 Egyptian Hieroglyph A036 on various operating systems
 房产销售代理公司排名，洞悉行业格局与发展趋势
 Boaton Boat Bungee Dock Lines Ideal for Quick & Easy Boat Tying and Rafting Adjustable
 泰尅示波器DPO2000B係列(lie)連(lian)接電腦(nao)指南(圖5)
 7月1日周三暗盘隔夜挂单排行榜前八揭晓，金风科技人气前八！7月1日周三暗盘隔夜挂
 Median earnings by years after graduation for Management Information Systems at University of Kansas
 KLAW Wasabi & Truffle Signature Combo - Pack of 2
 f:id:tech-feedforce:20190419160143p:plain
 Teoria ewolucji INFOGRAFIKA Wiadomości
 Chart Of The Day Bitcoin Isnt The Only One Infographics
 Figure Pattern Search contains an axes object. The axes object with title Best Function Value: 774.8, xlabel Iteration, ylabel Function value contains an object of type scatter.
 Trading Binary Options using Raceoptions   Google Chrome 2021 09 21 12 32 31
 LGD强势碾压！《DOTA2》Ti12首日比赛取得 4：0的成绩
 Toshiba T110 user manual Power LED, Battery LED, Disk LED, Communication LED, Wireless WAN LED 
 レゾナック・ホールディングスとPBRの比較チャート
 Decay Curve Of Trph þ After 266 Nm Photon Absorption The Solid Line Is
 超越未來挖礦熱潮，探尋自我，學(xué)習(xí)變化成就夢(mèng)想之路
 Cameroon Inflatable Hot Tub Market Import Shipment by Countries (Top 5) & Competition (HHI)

* [Problem details]: The lines running from the start of the data through the one that contains "7月1日周三暗盘隔夜挂单排行" should be reproduced exactly, and only those.

* [Your response]:
 Egyptian Hieroglyph A036 on various operating systems
 房产销售代理公司排名，洞悉行业格局与发展趋势
 Boaton Boat Bungee Dock Lines Ideal for Quick & Easy Boat Tying and Rafting Adjustable
 泰尅示波器DPO2000B係列(lie)連(lian)接電腦(nao)指南(圖5)
 7月1日周三暗盘隔夜挂单排行榜前八揭晓，金风科技人气前八！7月1日周三暗盘隔夜挂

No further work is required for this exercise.